Even I test on that page: https://regexr.com/
and both works fine, but in the code they don't.
Would you please helpme? Thanks.
I need a regex that letme type range betwen 0 and 180
the desired behaviour:
function regex1(str) {
var splitStr = str.split("");
var filterArray = splitStr.filter(function(val) {
// Test the string against the regular expression
// and test for no match (whole thing is preceeded by !)
return !/^([0-9]|[1-9][0-9]|1[0-7][0-9]|180)$/g.test(val);
});
return filterArray;
}
function regex2(str) {
var splitStr = str.split("");
var filterArray = splitStr.filter(function(val) {
// Test the string against the regular expression
// and test for no match (whole thing is preceeded by !)

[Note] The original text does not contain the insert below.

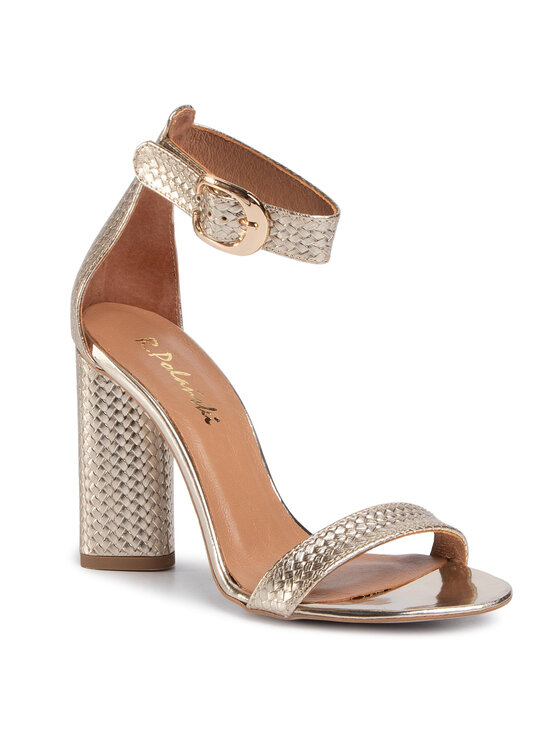 R.Polański Sandales R.Polański 0876 Zelta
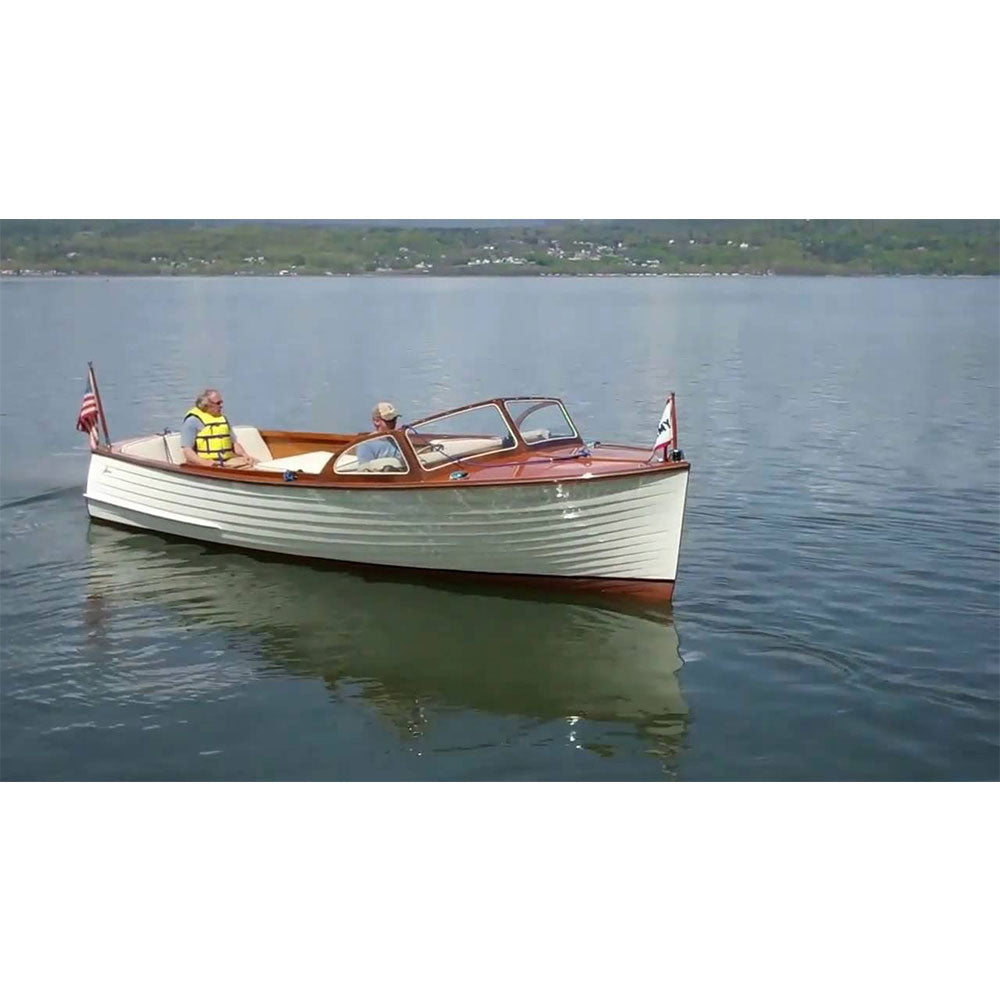 Lyman Runabout 16ft Custom Built Wooden Boat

return !/[^1-3]+/g.test(val);
});
return filterArray;
}
console.log(regex1("180"));
console.log(regex2("3"));
Your problem lies on two fronts:
Your var splitStr = str.split(""); line is splitting the string down to individual characters, which means you are never testing '180', but '1', '8', and '0' separately
RegEx is a poor tool to validate numerical range
You should really really really reconsider using regex for this purpose, and instead should parse the input into a number and test it, unless there's some other reason that you need to do it this way. One reason to parse and test instead is that there may be edge cases that your expression doesn't cover, even though they may be valid.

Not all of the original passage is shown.